Exercise brief: Span requested from the data below: the line with "Vocabulary and Past Continuous" through the line with "神经系统疾病的药物治疗课件.pptx_第3页", both included. Give only these lines again, exactly, and leave every picture out.

Given information:

____

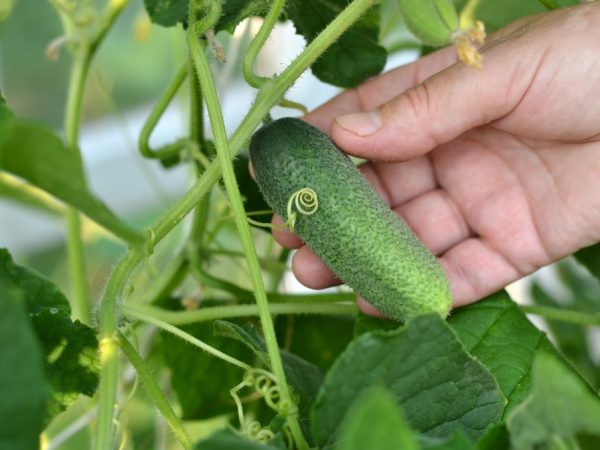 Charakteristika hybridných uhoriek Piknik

____

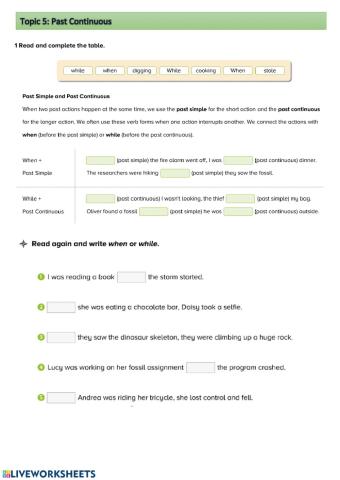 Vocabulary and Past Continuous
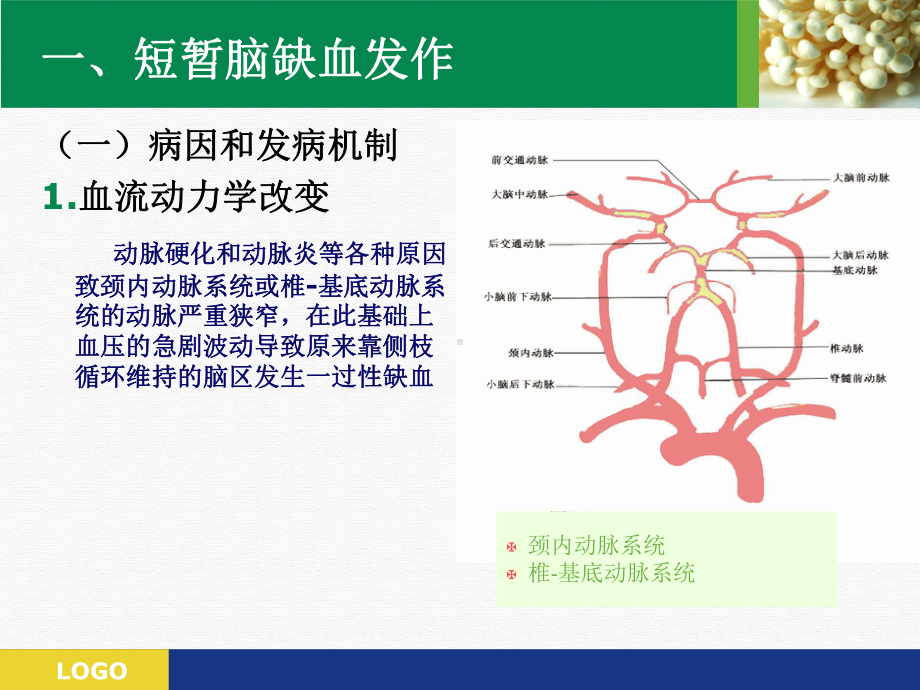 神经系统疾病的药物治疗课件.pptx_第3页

____

Response to this exercise:
 Vocabulary and Past Continuous
 神经系统疾病的药物治疗课件.pptx_第3页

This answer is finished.